Liberia - Présidentielle : c'est l'incertitude qui l'emporte

Georges Weah en campagne

L'ex-footballeur George Weah et le vice-président Joseph Boakai devaient s'affronter lors du second tour de la présidentielle, prévu dans moins d'une semaine, le 7 novembre, mais Charles Brumskine, candidat du Parti de la Liberté, arrivé troisième au premier tour, a contesté le résultat, affirmant que l'élection avait été entachée d'irrégularités. Appuyé dans ce sens par deux autres partis, dont celui de la présidente Ellen Johnson Sirleaf au pouvoir. Conséquence : la Cour suprême du Liberia a décidé de reporter le second tour de la présidentielle. Et pourtant ces troisièmes élections générales (législatives et présidentielles) depuis 2005 présentaient pour la première fois depuis 1989 la possibilité d'une alternance pacifique...

Un test démocratique loin d'être gagné

Saisie par trois partis politiques contestant les résultats du premier tour de la présidentielle du 10 octobre, la Cour suprême a demandé aux membres de la Commission électorale (NEC) de comparaître pour répondre aux accusations. Il est demandé aux membres de la Commission d'expliquer pourquoi le recours introduit par le Parti de la liberté de Charles Brumskine et soutenu par deux autres formations dont celle du vice-président Boakai n'est à ses yeux pas fondé, comme elle l'explique dans un document rendu public mercredi.

Joseph Boakai a obtenu 28,8 % des voix au premier tour contre 38,4 % pour Georges Weah. Le Parti de la liberté de Charles Brumskine, crédité de 9,6 % des suffrages, a été le premier à déposer une plainte à la Commission électorale. Il estime que des électeurs dûment inscrits n'ont pas pu voter et avoir notamment constaté dix incidents liés à des fraudes. Il demande une annulation du premier tour et un nouveau scrutin "pour s'assurer qu'une élection libre et transparente soit organisée conformément à la Constitution."

En attendant que cet imbroglio juridique trouve une issue, la Cour suprême a décidé de suspendre le second tour qui était prévu pour le 7 novembre. Cette audience, qui devait se tenir jeudi matin, a été reportée à vendredi pour des "raisons de procédure", a précisé le porte-parole de l'Institution liberienne.

Une médiation pour anticiper la crise

Plus qu'une incertitude, ce report de 24 heures met sérieusement en doute la crédibilité de ce scrutin devant servir de test pour la plus ancienne "République d'Afrique". Et surtout permettre aux Libériens de tourner définitivement la page de la guerre civile, qui aura duré dix ans et fait 250 000 morts. Le Liberia a reçu des milliards de dollars d'aide depuis la fin de la guerre civile en 2003. Pourtant, les institutions étatiques restent faibles. La corruption est profondément enracinée.

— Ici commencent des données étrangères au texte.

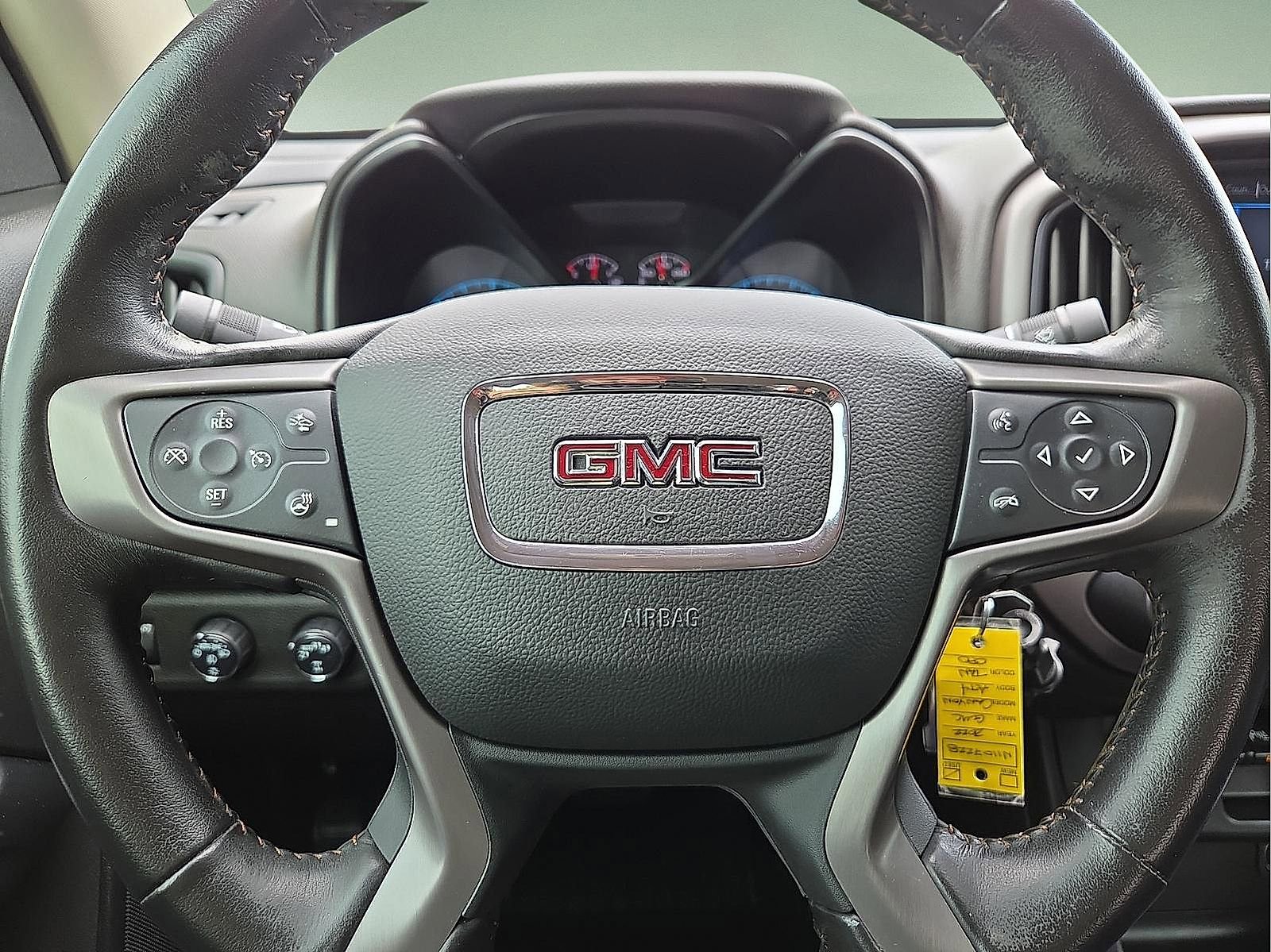 Used 2022 GMC Canyon AT4 w/ Driver Alert Package AWD/4WD image 24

Pour tenter d'éviter que le pays ne replonge, la présidente Ellen Johnson Sirleaf – qui doit elle-même affronter les rumeurs d'ingérence dans le processus électoral lancé par son vice-président – a réuni à Monrovia le président en exercice de l'Union africaine, le Guinéen Alpha Condé, le président togolais Faure Gnassingbe à la tête de la Cédeao ainsi que les deux candidats finalistes qui pourront occuper un jour Mansion House (le palais présidentiel libérien) George Weah et Boakai pour "écouter leurs différentes préoccupations et leur expertise afin de résoudre ces questions" selon un communiqué de la présidence.

"Nous étions venus un peu inquiets, mais nous partons rassurés parce que tous les candidats ont décidé de s'en remettre à la loi…", a déclaré Alpha Condé. Pour sa part, le chef de l'État togolais a laissé un message sur le réseau social Twitter affirmant que les discussions se poursuivaient : "Nous discutons ensemble de la nécessité de faire aboutir le processus de l'élection présidentielle dans la paix et la quiétude au Liberia."

Et pourtant...

Le déroulement du premier tour a été salué comme largement crédible par les observateurs nationaux et internationaux malgré certaines irrégularités et de long retards relevés dans certaines bureaux de vote. La communauté internationale a lancé des appels aux différentes parties pour que le processus électoral, qui doit mener à la première transition depuis des décennies entre une présidente élue, Ellen Johnson Sirleaf, et son successeur se déroule en bon ordre et que chacun en accepte les résultats.